GTP-ViT: Efficient Vision Transformers via Graph-based Token Propagation

Vision Transformers (ViTs) have revolutionized the field of computer vision, yet their deployments on resource-constrained devices remain challenging due to high computational demands. To expedite pre-trained ViTs, token pruning and token merging approaches have been developed, which aim at reducing the number of tokens involved in the computation. However, these methods still have some limitations, such as image information loss from pruned tokens and inefficiency in the token-matching process. In this paper, we introduce a novel Graph-based Token Propagation (GTP) method to resolve the challenge of balancing model efficiency and information preservation for efficient ViTs. Inspired by graph summarization algorithms, GTP meticulously propagates less significant tokens' information to spatially and semantically connected tokens that are of greater importance. Consequently, the remaining few tokens serve as a summarization of the entire token graph, allowing the method to reduce computational complexity while preserving essential information of eliminated tokens. Combined with an innovative token selection strategy, GTP can efficiently identify image tokens to be propagated. Extensive experiments have validated GTP's effectiveness, demonstrating both efficiency and performance improvements. Specifically, GTP decreases the computational complexity of both DeiT-S and DeiT-B by up to 26% with only a minimal 0.3% accuracy drop on ImageNet-1K without finetuning, and remarkably surpasses the state-of-the-art token merging method on various backbones at an even faster inference speed. The source code is available at https://github.com/Ackesnal/GTP-ViT.

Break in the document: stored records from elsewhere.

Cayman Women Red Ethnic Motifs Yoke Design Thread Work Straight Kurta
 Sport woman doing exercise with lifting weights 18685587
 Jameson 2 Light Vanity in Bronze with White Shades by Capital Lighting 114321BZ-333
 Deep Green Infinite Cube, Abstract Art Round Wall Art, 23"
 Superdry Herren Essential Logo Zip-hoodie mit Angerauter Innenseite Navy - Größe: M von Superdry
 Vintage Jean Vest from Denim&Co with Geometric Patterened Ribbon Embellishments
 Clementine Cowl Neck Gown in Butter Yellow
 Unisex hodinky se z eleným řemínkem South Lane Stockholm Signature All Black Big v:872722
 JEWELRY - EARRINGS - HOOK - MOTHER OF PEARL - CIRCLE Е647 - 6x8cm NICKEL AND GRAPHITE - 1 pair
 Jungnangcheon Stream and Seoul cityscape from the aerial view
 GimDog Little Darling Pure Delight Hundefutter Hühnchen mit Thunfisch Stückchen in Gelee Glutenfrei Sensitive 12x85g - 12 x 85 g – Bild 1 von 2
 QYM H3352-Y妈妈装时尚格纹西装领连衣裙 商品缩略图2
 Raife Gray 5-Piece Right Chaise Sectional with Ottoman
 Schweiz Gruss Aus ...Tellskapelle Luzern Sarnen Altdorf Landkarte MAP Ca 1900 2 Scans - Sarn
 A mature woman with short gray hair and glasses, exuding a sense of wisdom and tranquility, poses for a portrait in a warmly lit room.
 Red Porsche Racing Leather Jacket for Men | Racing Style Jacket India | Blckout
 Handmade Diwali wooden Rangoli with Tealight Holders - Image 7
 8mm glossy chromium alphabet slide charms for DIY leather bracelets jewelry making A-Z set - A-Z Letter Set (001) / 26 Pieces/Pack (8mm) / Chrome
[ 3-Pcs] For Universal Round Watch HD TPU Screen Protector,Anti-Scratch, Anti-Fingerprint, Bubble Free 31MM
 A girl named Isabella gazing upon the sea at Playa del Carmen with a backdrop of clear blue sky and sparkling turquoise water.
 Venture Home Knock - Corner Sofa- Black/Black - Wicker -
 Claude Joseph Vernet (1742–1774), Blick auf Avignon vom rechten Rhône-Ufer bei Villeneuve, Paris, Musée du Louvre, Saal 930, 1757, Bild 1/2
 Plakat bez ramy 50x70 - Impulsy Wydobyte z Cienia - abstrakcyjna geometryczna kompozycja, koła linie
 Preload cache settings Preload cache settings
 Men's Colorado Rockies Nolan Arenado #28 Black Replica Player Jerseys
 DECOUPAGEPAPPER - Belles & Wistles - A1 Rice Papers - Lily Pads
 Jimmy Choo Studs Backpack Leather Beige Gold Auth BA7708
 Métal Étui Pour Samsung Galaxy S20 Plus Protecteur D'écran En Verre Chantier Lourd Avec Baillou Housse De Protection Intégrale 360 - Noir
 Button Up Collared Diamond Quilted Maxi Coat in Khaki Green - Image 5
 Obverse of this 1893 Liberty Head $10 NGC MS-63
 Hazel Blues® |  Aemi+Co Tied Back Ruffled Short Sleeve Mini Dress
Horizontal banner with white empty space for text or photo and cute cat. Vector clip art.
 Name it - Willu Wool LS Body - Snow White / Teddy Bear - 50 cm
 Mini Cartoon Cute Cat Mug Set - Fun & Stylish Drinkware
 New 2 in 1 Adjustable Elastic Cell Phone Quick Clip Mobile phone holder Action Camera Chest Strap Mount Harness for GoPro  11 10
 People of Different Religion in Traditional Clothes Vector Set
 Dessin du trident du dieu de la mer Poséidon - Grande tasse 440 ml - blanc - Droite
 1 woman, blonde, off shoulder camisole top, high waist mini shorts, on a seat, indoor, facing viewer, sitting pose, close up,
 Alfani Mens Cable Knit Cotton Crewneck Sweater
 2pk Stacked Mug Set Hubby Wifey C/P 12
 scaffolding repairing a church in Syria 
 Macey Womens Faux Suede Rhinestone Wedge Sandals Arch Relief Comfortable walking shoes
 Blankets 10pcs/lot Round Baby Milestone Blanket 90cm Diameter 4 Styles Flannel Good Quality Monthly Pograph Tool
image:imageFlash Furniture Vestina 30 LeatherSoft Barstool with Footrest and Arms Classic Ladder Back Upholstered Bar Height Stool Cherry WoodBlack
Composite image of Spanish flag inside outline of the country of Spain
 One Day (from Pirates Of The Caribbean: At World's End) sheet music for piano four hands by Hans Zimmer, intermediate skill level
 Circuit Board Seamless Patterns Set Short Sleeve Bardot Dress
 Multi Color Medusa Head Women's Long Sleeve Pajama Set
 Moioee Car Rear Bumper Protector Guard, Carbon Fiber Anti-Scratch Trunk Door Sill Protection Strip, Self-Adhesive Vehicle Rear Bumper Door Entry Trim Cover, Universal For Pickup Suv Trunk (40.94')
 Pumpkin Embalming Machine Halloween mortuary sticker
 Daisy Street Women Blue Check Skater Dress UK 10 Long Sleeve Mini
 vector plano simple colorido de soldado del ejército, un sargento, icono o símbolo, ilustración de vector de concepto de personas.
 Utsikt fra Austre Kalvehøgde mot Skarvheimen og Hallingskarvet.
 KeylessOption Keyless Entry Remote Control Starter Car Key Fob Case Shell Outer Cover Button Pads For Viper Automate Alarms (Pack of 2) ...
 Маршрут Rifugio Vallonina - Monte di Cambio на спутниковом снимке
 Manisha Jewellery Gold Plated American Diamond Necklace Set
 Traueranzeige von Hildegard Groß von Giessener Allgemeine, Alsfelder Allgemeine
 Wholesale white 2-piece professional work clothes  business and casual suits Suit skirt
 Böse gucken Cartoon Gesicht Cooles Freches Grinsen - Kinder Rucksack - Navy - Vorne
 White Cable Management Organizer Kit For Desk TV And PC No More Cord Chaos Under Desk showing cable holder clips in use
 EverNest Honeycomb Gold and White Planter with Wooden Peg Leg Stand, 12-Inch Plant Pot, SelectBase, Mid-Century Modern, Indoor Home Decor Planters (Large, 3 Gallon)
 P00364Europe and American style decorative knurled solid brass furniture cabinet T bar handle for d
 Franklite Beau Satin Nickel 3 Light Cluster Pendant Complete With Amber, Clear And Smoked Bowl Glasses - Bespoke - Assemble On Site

翻译：视觉Transformer（ViTs）已彻底变革计算机视觉领域，但其在资源受限设备上的部署仍因高计算需求而面临挑战。为加速预训练ViTs，研究者开发了令牌剪枝与令牌合并方法，旨在降低参与计算的令牌数量。然而，这些方法仍存在局限性，例如被剪枝令牌导致的图像信息丢失以及令牌匹配过程中的低效性。本文提出了一种新颖的基于图的令牌传播（Graph-based Token Propagation, GTP）方法，以解决高效ViTs中模型效率与信息保留之间的平衡难题。受图摘要算法启发，GTP精心地将次要令牌的信息传播至空间与语义上关联性更强的关键令牌。最终，保留下的少量令牌作为整个令牌图的摘要，使方法在降低计算复杂度的同时保留被消除令牌的关键信息。结合创新性的令牌选择策略，GTP能够高效识别需传播的图像令牌。大量实验验证了GTP的有效性，其在效率与性能上均展现出提升。具体而言，GTP在无需微调的情况下，将DeiT-S与DeiT-B的计算复杂度降低高达26%，且在ImageNet-1K上仅造成0.3%的精度下降，同时以更快的推理速度显著超越现有最先进的令牌合并方法。源代码已发布于https://github.com/Ackesnal/GTP-ViT。